Former Colorado Springs mayor John Suthers, a Republican mind you, called the move “disappointing.” Disappointing? Jesus wept. When a drunk driver takes your Cadillac and rams it into a ditch, you don’t call it “disappointing.”
You call it sabotage.

Suthers politely reminded the country that from a national defense standpoint, it makes no sense. That’s political code for this is insane. And he’s right — it’s lunacy with a parade permit.
Phil Weiser, the Colorado Attorney General, says he’s ready to fight it in court. He might win, but by then the bureaucrats will already be pricing barbecue joints for their farewell parties.

Meanwhile, the whole project stalls. Operational readiness gets disrupted. Taxpayers foot the bill.
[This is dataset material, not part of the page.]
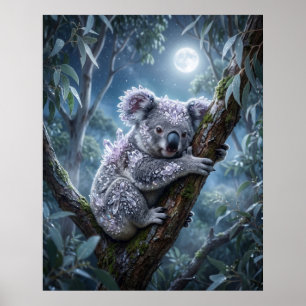 Kristal Koala Eucalyptus Gloed Poster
Soldiers and their families pack up their lives because one man wants to stick it to a state that wouldn’t lick his boots.
Herr Doktor, you’d recognize this madness. You came from a land where politics bent science into grotesque shapes, where rockets built for exploration became V-2s raining hell on London.
Now, in America, rockets are being moved across the map like poker chips because a president lost Colorado three times and won Alabama three times. You would have understood the logic, if not admired the stupidity.

The irony is sharp enough to cut steel: the command charged with defending America’s future in space is being grounded by the pettiest politics imaginable.
You can almost hear the laughter from Moscow and Beijing. Not at our rockets — those still fly — but at our leadership, which treats the heavens like a campaign stop.
So rest easy, Wernher. Your Rocket City is back in the headlines. But not because of Saturn V or moon landings. No — because we’ve managed to turn national defense into a traveling circus.